Ainsi, nous l’avons vu, la personne lésée peut agir sur le terrain de la responsabilité civile, sur le fondement de l’article 1240 du Code civil. Mais elle peut également demander au juge de prescrire les mesures visées par l’article 9 du Code civil (celles qui tendent à empêcher ou faire cesser l’atteinte à la vie privée) ; dans un tel cas, le juge peut alors suspendre la diffusion d’un livre, ordonner la publication d’un communiqué, etc. (le cas échéant, en référé).

En outre, notons que des sanctions pénales peuvent être prises, notamment sur le fondement des articles 226-1 et suivants du code pénal. Ainsi, l’auteur d’une atteinte à la vie privée peut encourir des peines d’amendes (allant jusqu’à 45 000 euros) et d’emprisonnement (allant jusqu’à 1 an d’emprisonnement).

Comment prouver une atteinte à la vie privée, article 9 du Code civil ?

Comme dans tous domaines, la personne se prévalant d’une atteinte à sa vie privée doit précisément prouver cette atteinte. En effet, l’apport de preuves est indispensable pour pouvoir porter plainte en matière d’atteinte à la vie privée.

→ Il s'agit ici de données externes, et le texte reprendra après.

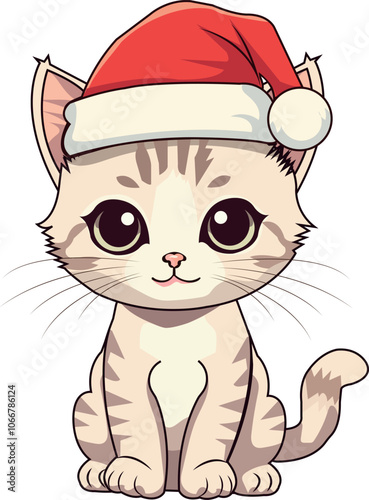 Nice kitten with Christmas hat
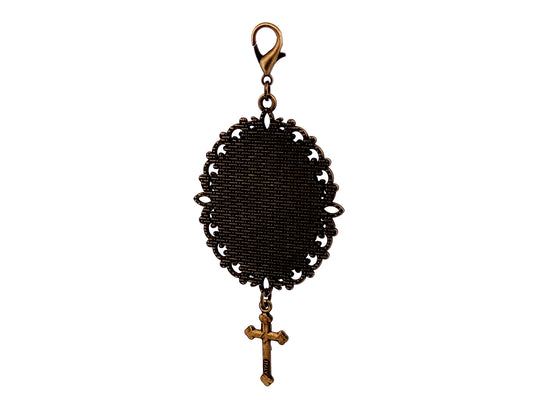 Large Immaculate Heart of Mary Queen of Heaven unique rosary beads domed picture medal key fob with small crucifix.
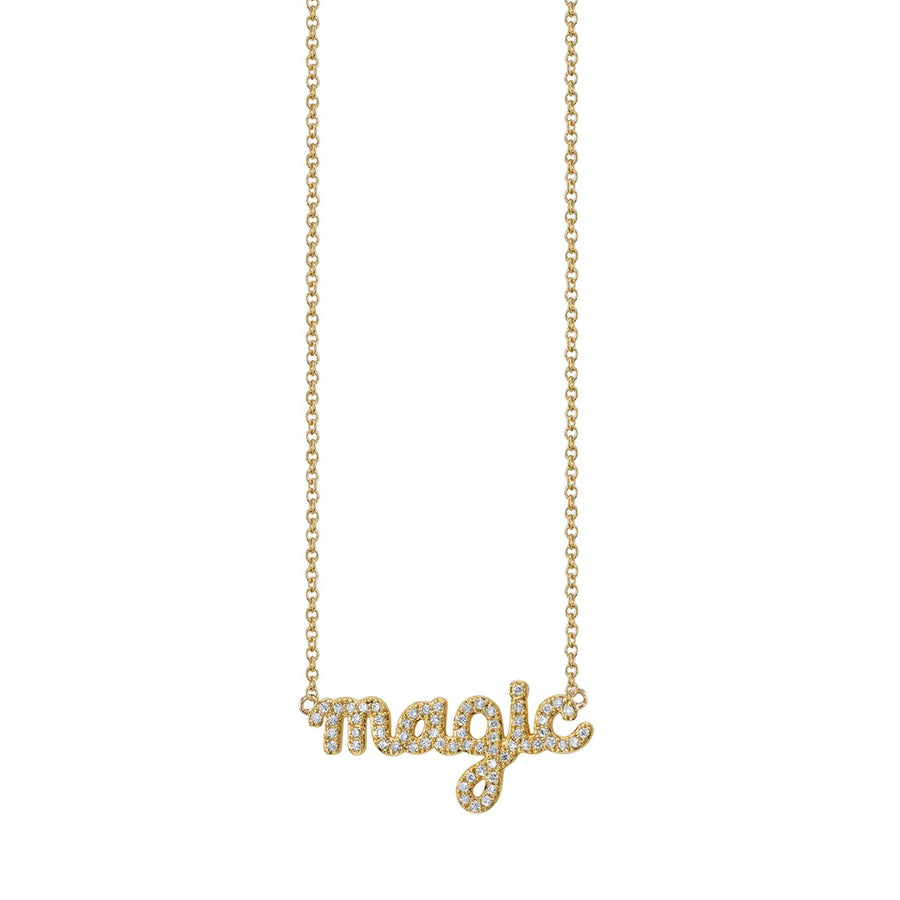Gold & Diamond Magic Script Necklace - Sydney Evan Fine Jewelry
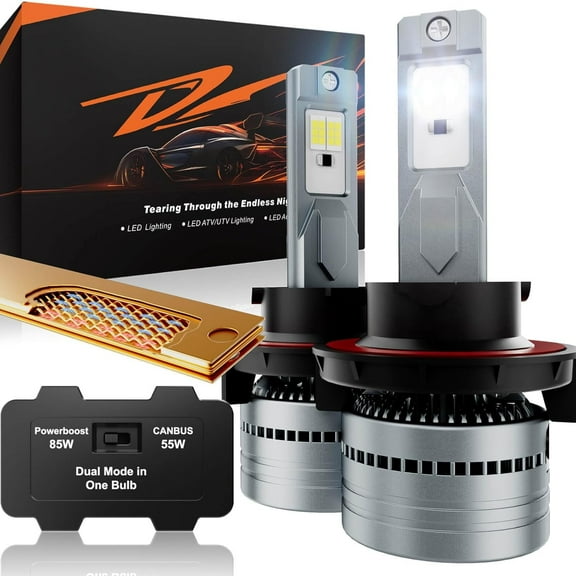 LUXSTER Dracarys 60000LM H13 9008 LED Headlight Bulbs with Vapor Chamber Cooling, 55W/85W Dual Power Mode, Dual Beam, CANBUS Ready, 6500K Xenon White, 2 Pack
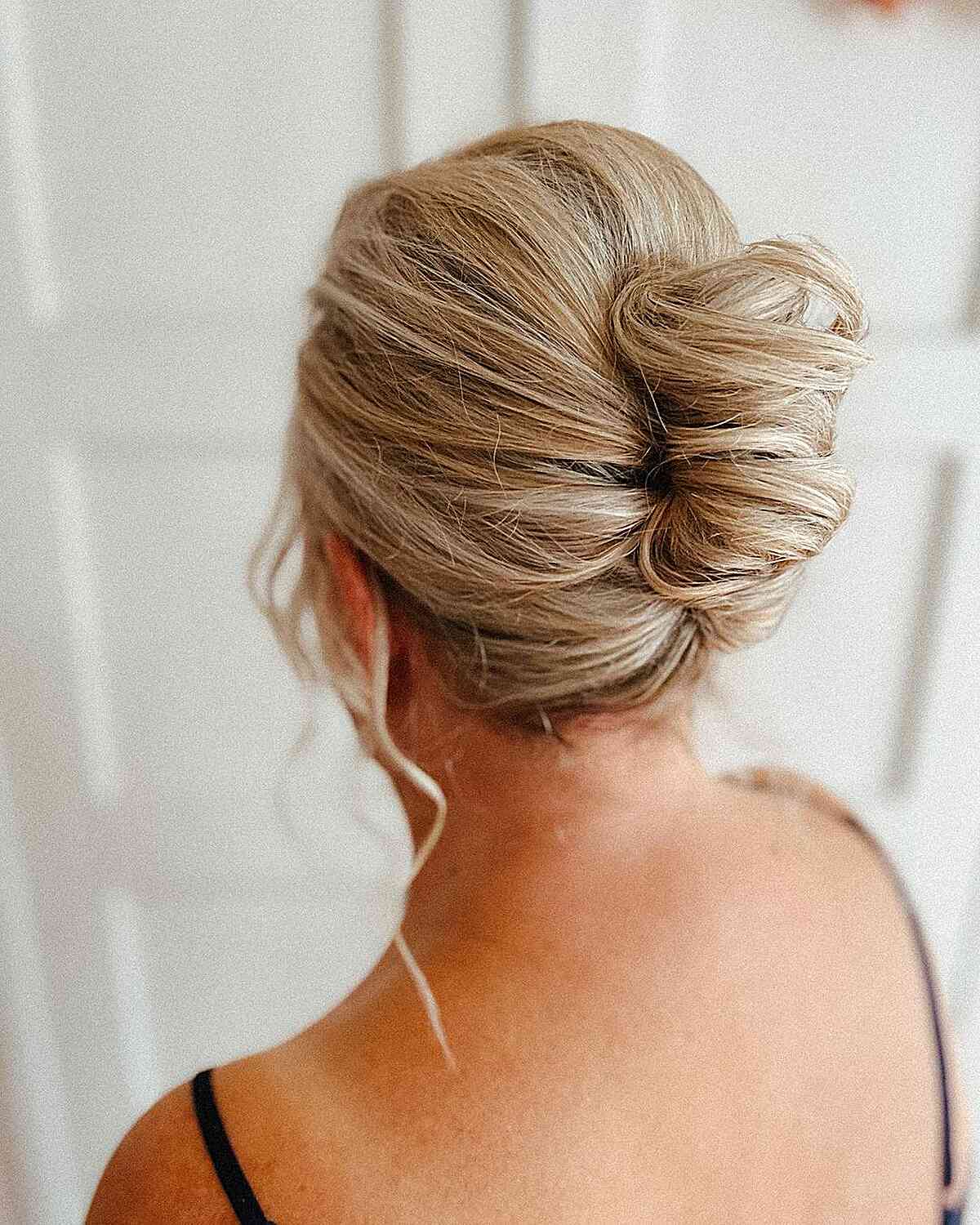 Blonde French Roll Updo for Mother of the Groom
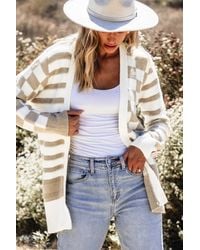 Azura Exchange - Gestreifter Strick-Cardigan Mit Offener Front - Lyst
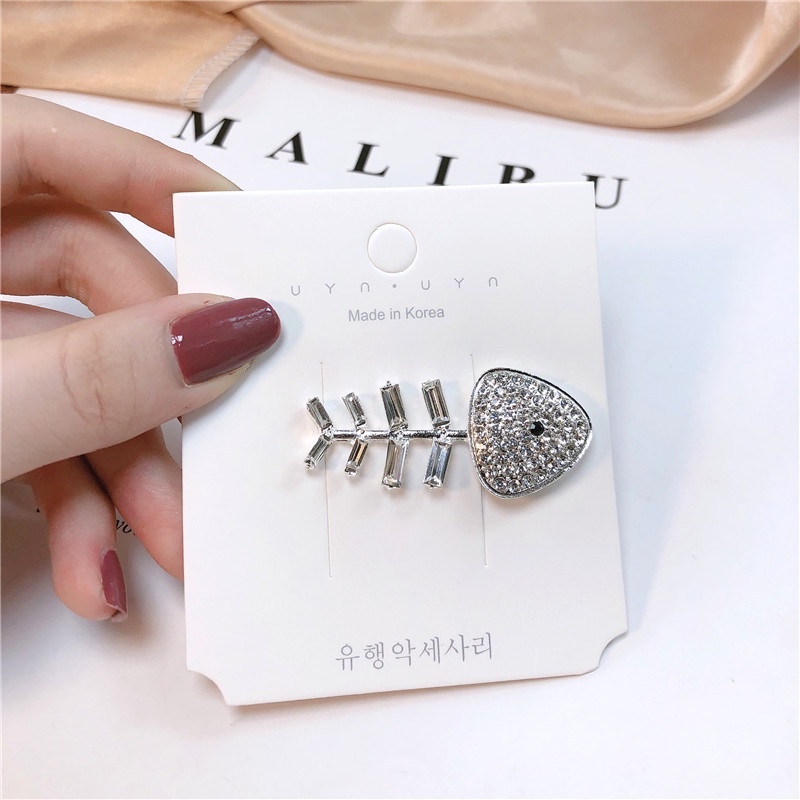 Kẹp Tóc Hình Xương Cá Đính Đá Thiết Kế Đơn Giản Thời Trang Hàn Quốc Cho Nữ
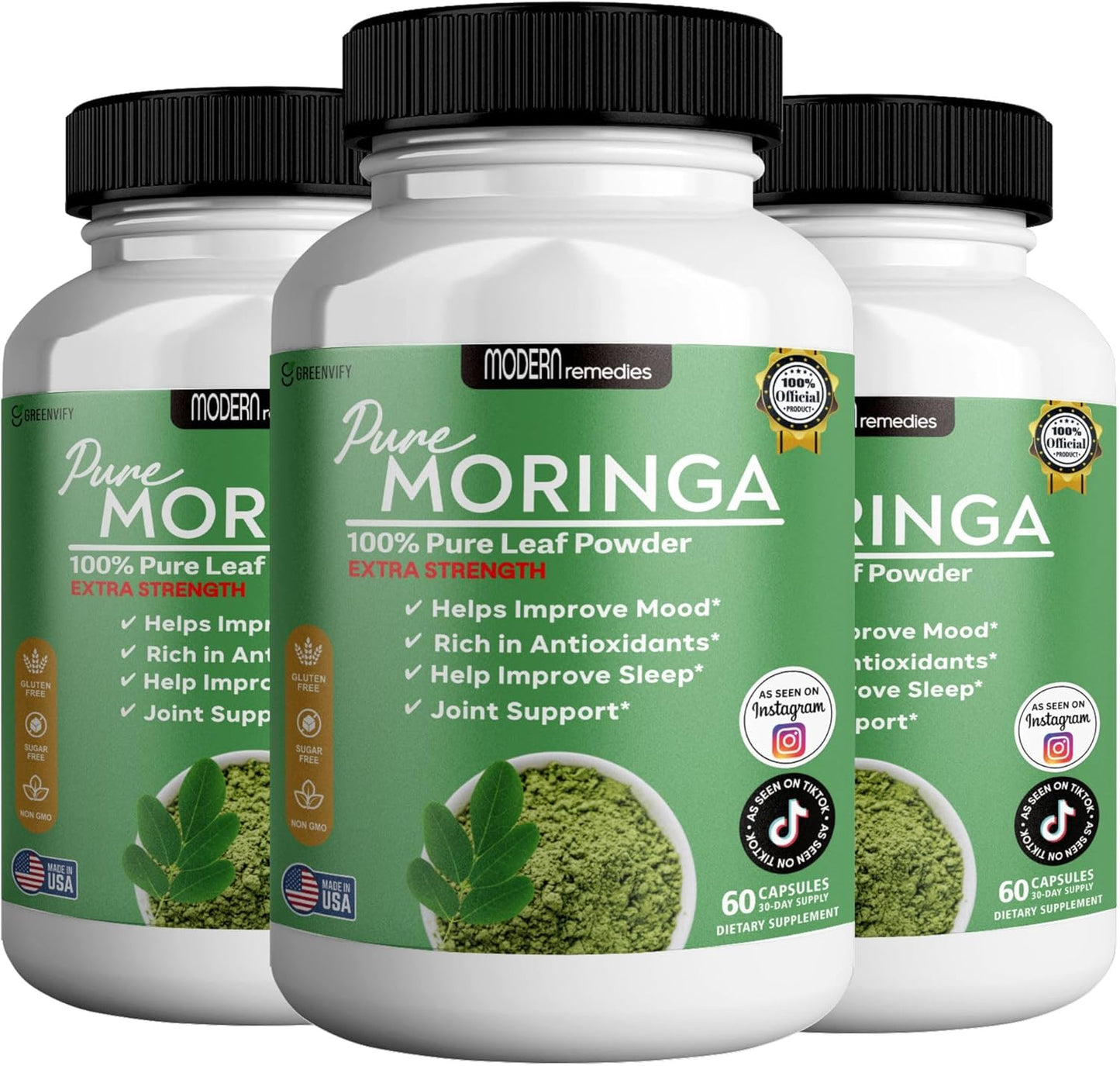 Modern Remedies Pure Moringa Max Leaf Powder Supplement, 800mg, 60 Capsules, Extra Strength for Mood, Sleep and Joint Support, Gluten Free (3)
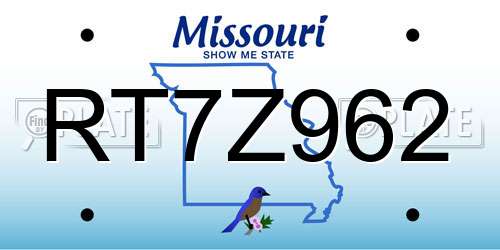 RT7Z962 Missouri License Plate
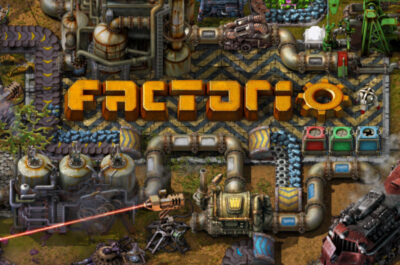 Factorio-Artworke dass viele Elemente einer typischen Factorio-Fabrik um den Schriftzug des Spiels herum zeigt.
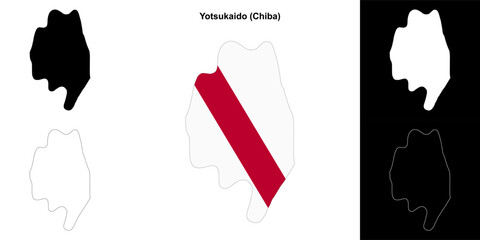 Yotsukaido (Chiba) outline map set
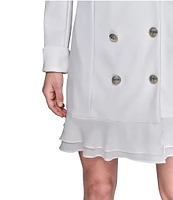 KARL LAGERFELD PARIS Notch Lapel Collar Long Sleeve Chiffon Flounce Hem Mini Blazer Dress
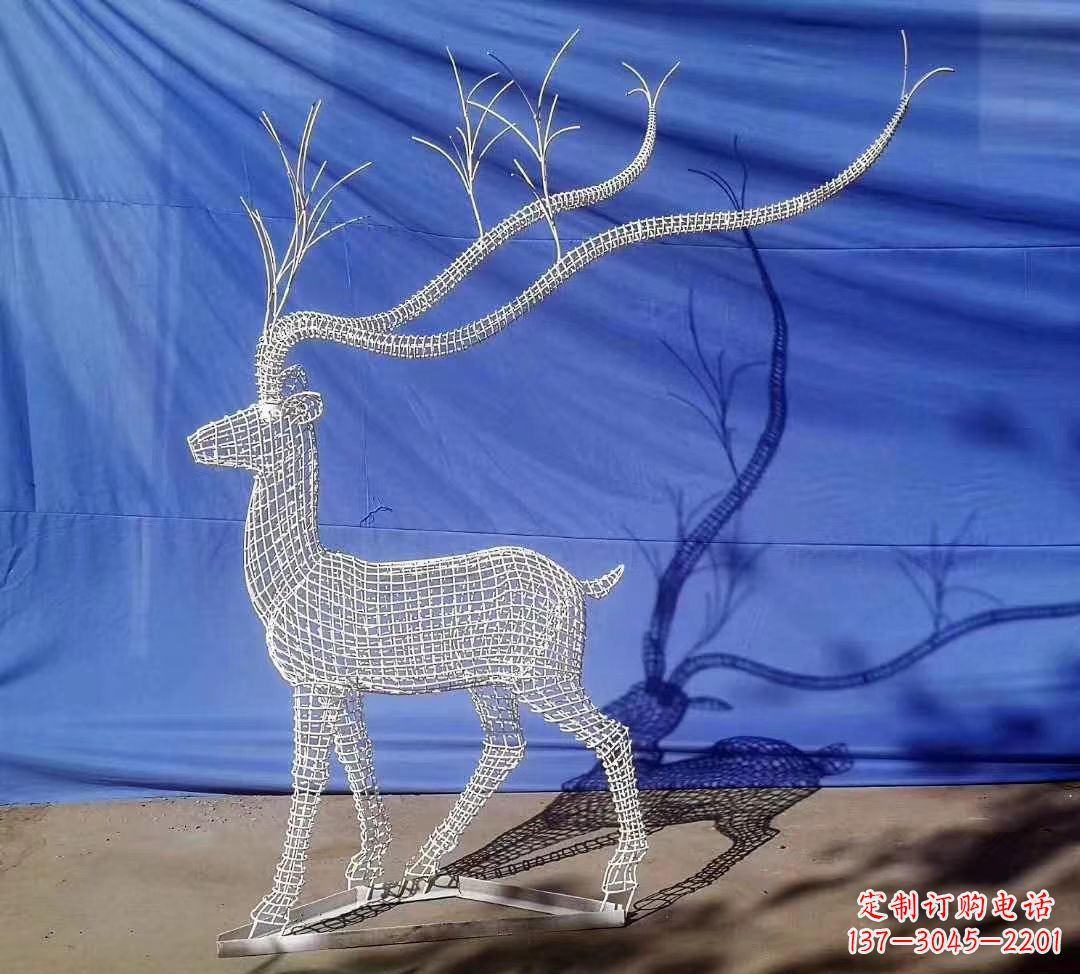 石家庄不锈钢麋鹿雕塑精美的景观装饰品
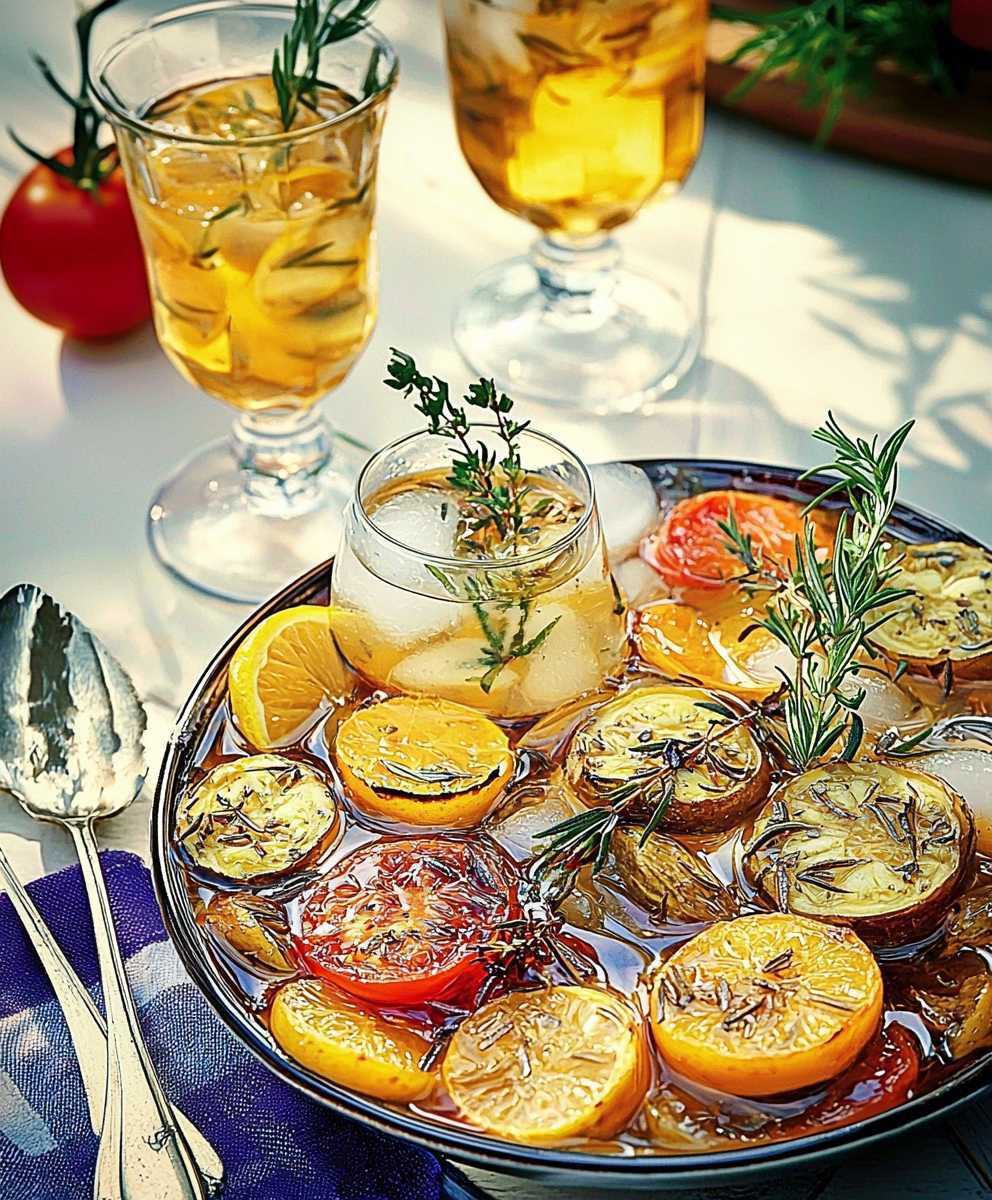 Eau infusée provençale glacée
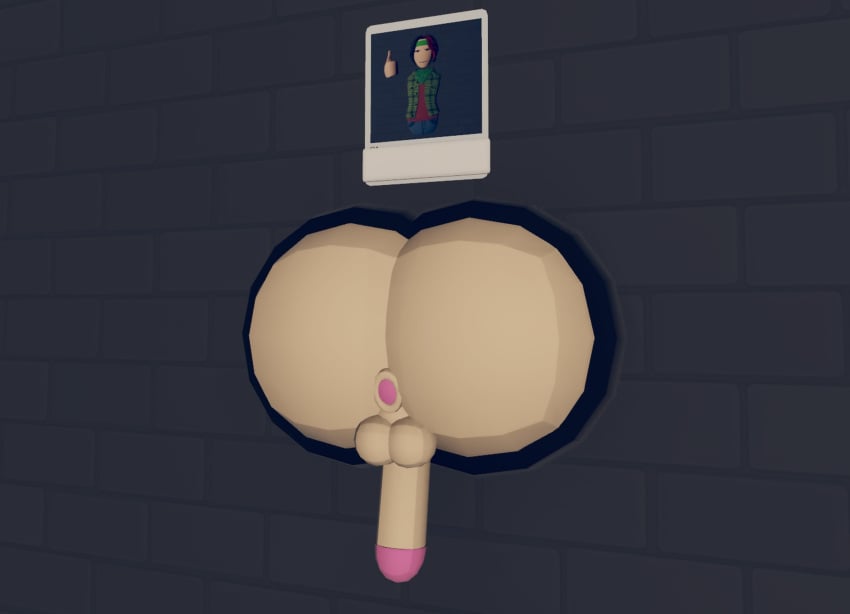 3d anus ass ass_focus balls game_cg game_screenshot light-skinned_male male male_only penis presenting_anus presenting_hindquarters recroom recroom-nsfw stuck stuck_in_wall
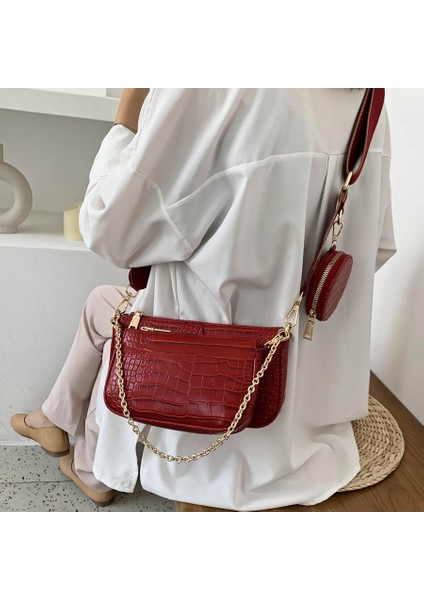 Kırmızı Timsah Desen Messenger Çanta Deri Moda Çanta Geniş Omuz Çantası Kadın Sikke Çanta Cep Telefonu Çantası | Omuz Çantası (24 cm * 12.5 * 4.5) (19 cm * 9.5 * 3.5) (9.5 cm * 9.5 cm *2.5cm) modelleri
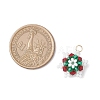5Pcs 5 Colors Glass Seed Beaded Snowflake Pendants PALLOY-MZ00815-3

A ce titre, notons que la personne lésée doit alors apporter des éléments de preuves matérielles (à titre d’exemple, la victime peut demander au juge d’ordonner une expertise) mais également des éléments de preuves morales (la victime doit démontrer l’intention coupable ou la violation de son accord, par exemple).